**Recorded data**
▶
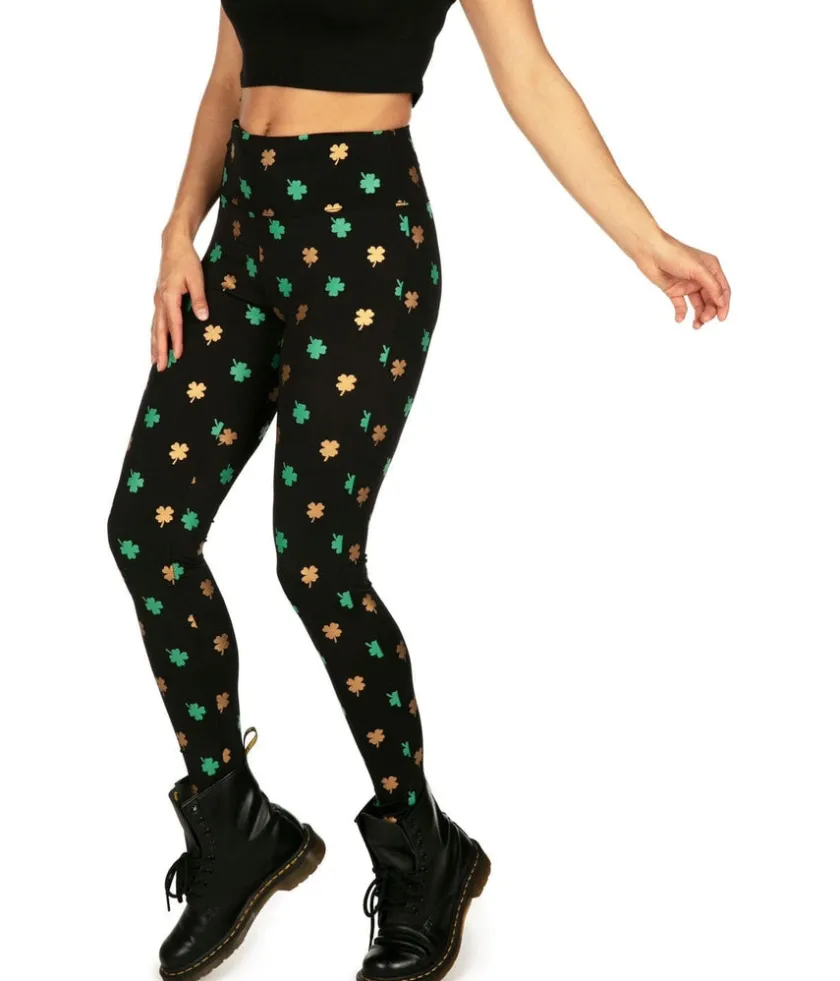 Tipsy Elves Gold Foil Clover High Waisted Leggings Sale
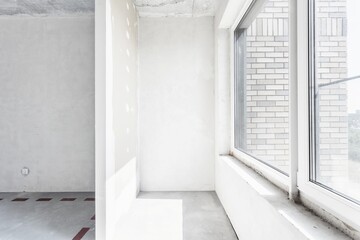 interior of the apartment without decoration in gray colors. rough finish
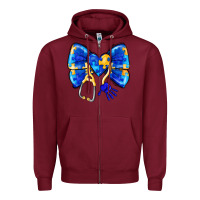 Burgundy Down Syndrome Ribbon Zipper Hoodie - CowhideDigitalArt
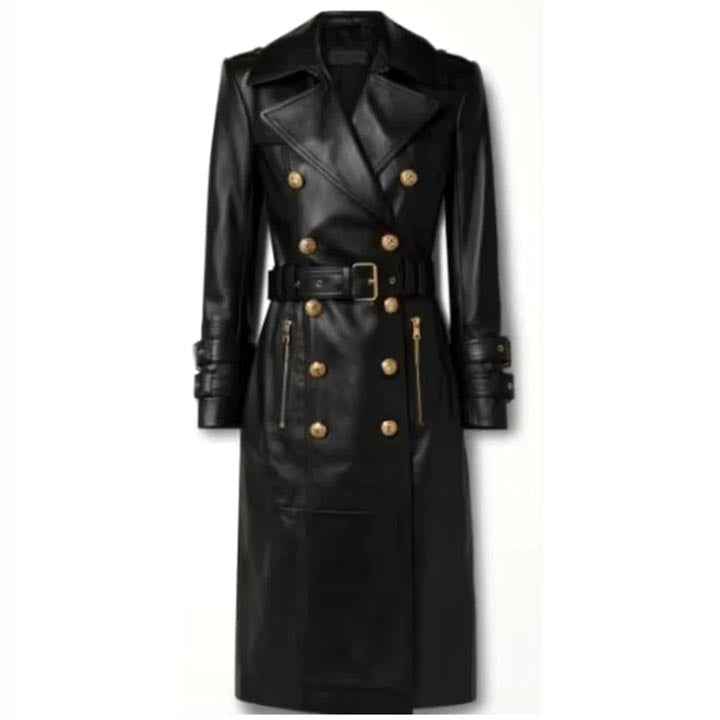 Women's Black Long Leather Trench Coat - AMSEL LEATHERS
◀
**Brief**
The task requires that every line above be transcribed exactly, without the images.

**Result for this exercise**
 Tipsy Elves Gold Foil Clover High Waisted Leggings Sale
 interior of the apartment without decoration in gray colors. rough finish
 Burgundy Down Syndrome Ribbon Zipper Hoodie - CowhideDigitalArt
 Women's Black Long Leather Trench Coat - AMSEL LEATHERS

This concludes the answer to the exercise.